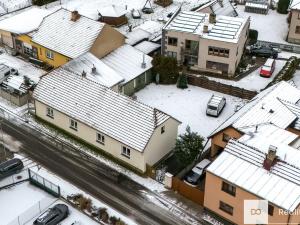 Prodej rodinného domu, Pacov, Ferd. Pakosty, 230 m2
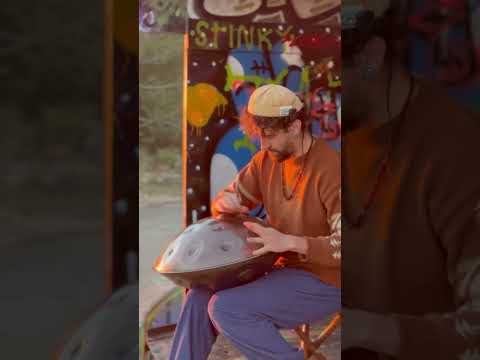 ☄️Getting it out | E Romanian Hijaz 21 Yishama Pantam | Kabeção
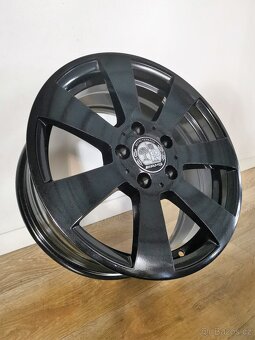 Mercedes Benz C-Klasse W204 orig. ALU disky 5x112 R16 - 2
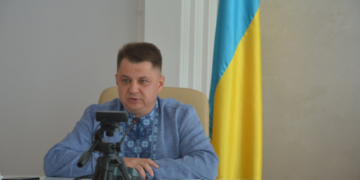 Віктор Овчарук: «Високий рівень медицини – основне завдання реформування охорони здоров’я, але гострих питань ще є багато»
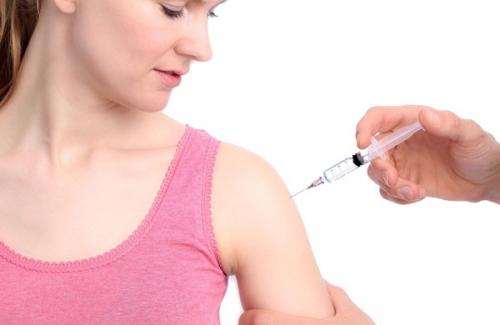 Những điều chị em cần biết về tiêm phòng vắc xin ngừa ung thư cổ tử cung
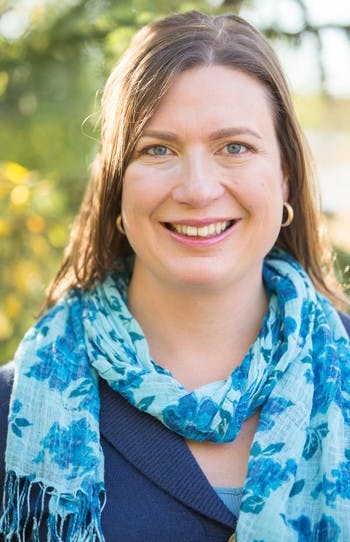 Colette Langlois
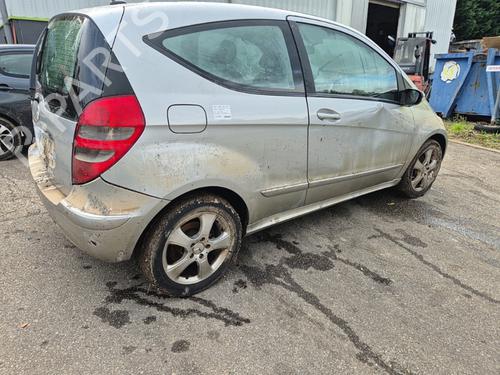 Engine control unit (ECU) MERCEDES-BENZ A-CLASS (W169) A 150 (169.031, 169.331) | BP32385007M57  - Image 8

-*-*-

### ABOUT THIS EXERCISE
The copy must include every record exactly and none of the pictures.

### RESPONSE
 Prodej rodinného domu, Pacov, Ferd. Pakosty, 230 m2
 ☄️Getting it out | E Romanian Hijaz 21 Yishama Pantam | Kabeção
 Mercedes Benz C-Klasse W204 orig. ALU disky 5x112 R16 - 2
 Віктор Овчарук: «Високий рівень медицини – основне завдання реформування охорони здоров’я, але гострих питань ще є багато»
 Những điều chị em cần biết về tiêm phòng vắc xin ngừa ung thư cổ tử cung
 Colette Langlois
 Engine control unit (ECU) MERCEDES-BENZ A-CLASS (W169) A 150 (169.031, 169.331) | BP32385007M57  - Image 8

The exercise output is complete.